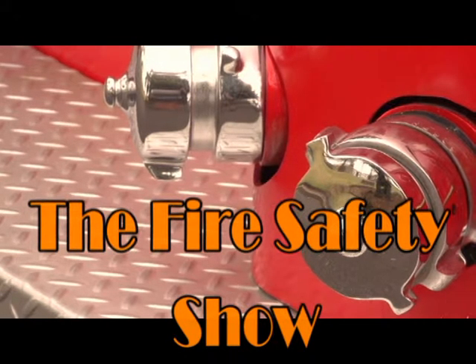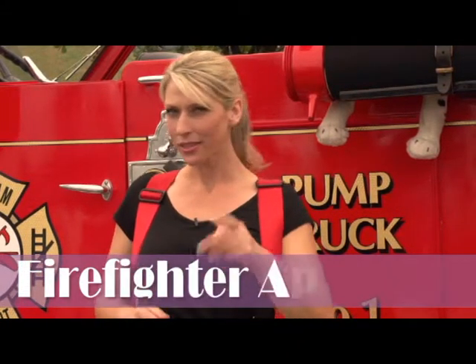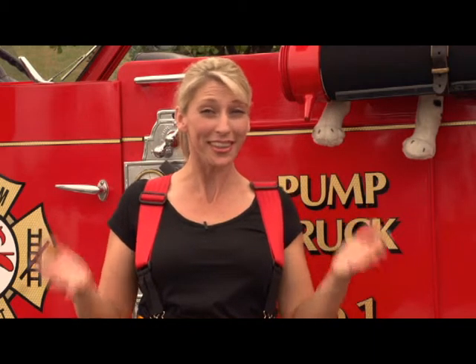Hi everyone and welcome to the Fire Safety Show. I'm Firefighter April. Did you know what a firefighter drives to a fire? That's right, a fire truck. And do you know what most fire trucks are the colour of? Oh of course, they're red.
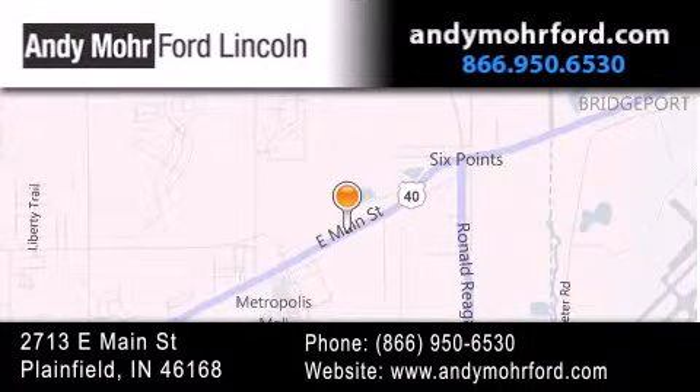Stop by and visit us today at 2713 East Main Street in Plainfield, or see us online at andymooreford.com.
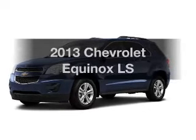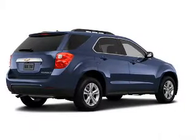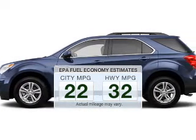Get noticed in this 2013 Chevrolet Equinox. Everything you need under one roof with this great vehicle. In the city or on the highway, you'll spend less time at the pump with this fuel-efficient vehicle.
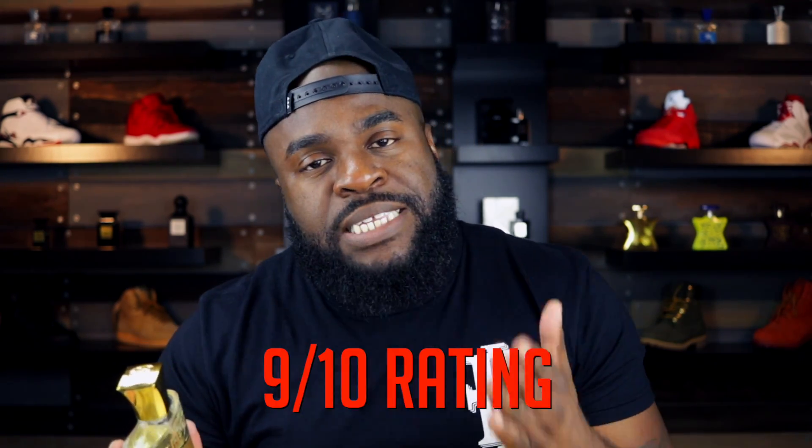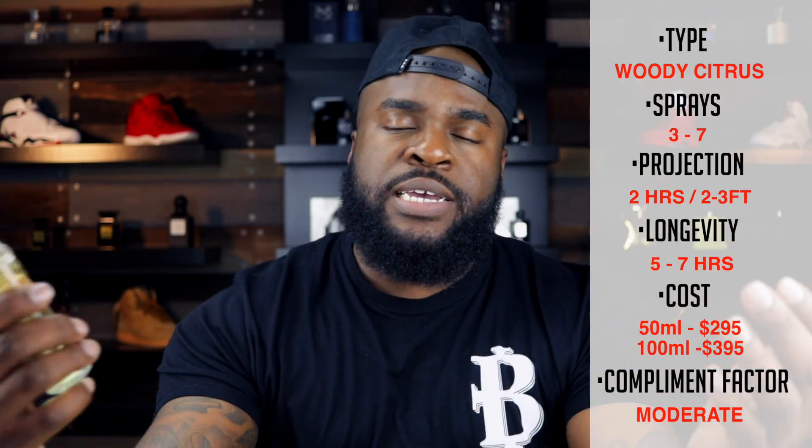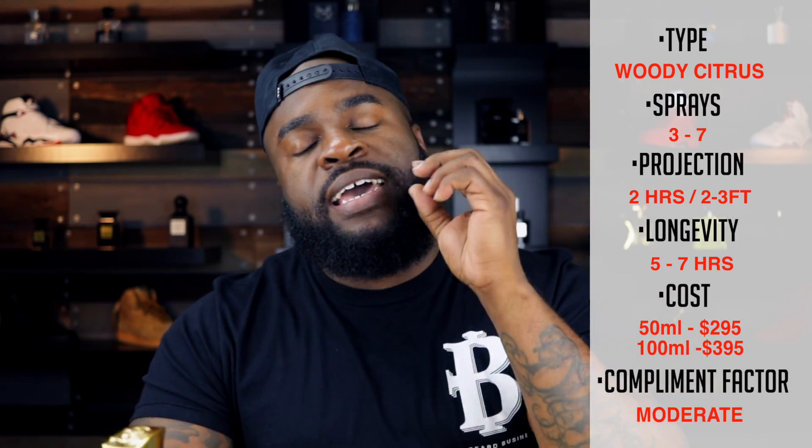I usually go 3 to 7 sprays on Millesime Imperial and they tend to work for me, while others go much more or a little bit less. In my personal opinion, this one is a 9 out of 10 fragrance, and one I tend to recommend a lot for those entering the house of Creed or the niche world of fragrances altogether. It doesn't have the best compliment factor, but it is very versatile and one that will get you a long way, especially when you're looking for bang for your buck.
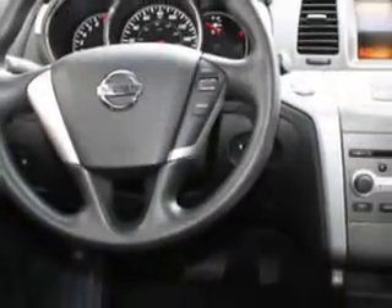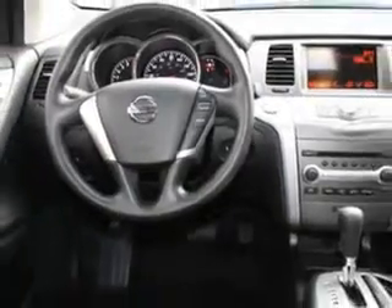Enjoy an impressive 24 miles to the gallon on this great SUV with features like Cruise Control, Power Steering, Power Door Locks, Power Windows, Tachometer, Traction Control System, Air Conditioning, and much more.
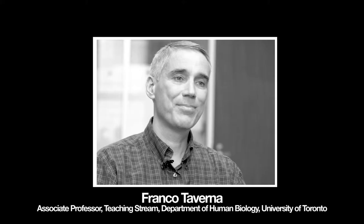I'm Franco Taverna. In fourth year, I like to use some more written essays, written assignments, critical thinking, problem-solving labs, and stuff like that.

* **WORK REQUIRED**: Please give the data again unaltered, leaving out any images.

* **FINISHED TASK**:
Hi everyone and welcome to the Fire Safety Show. I'm Firefighter April. Did you know what a firefighter drives to a fire? That's right, a fire truck. And do you know what most fire trucks are the colour of? Oh of course, they're red.
Stop by and visit us today at 2713 East Main Street in Plainfield, or see us online at andymooreford.com.
Get noticed in this 2013 Chevrolet Equinox. Everything you need under one roof with this great vehicle. In the city or on the highway, you'll spend less time at the pump with this fuel-efficient vehicle.
I usually go 3 to 7 sprays on Millesime Imperial and they tend to work for me, while others go much more or a little bit less. In my personal opinion, this one is a 9 out of 10 fragrance, and one I tend to recommend a lot for those entering the house of Creed or the niche world of fragrances altogether. It doesn't have the best compliment factor, but it is very versatile and one that will get you a long way, especially when you're looking for bang for your buck.
Enjoy an impressive 24 miles to the gallon on this great SUV with features like Cruise Control, Power Steering, Power Door Locks, Power Windows, Tachometer, Traction Control System, Air Conditioning, and much more.
I'm Franco Taverna. In fourth year, I like to use some more written essays, written assignments, critical thinking, problem-solving labs, and stuff like that.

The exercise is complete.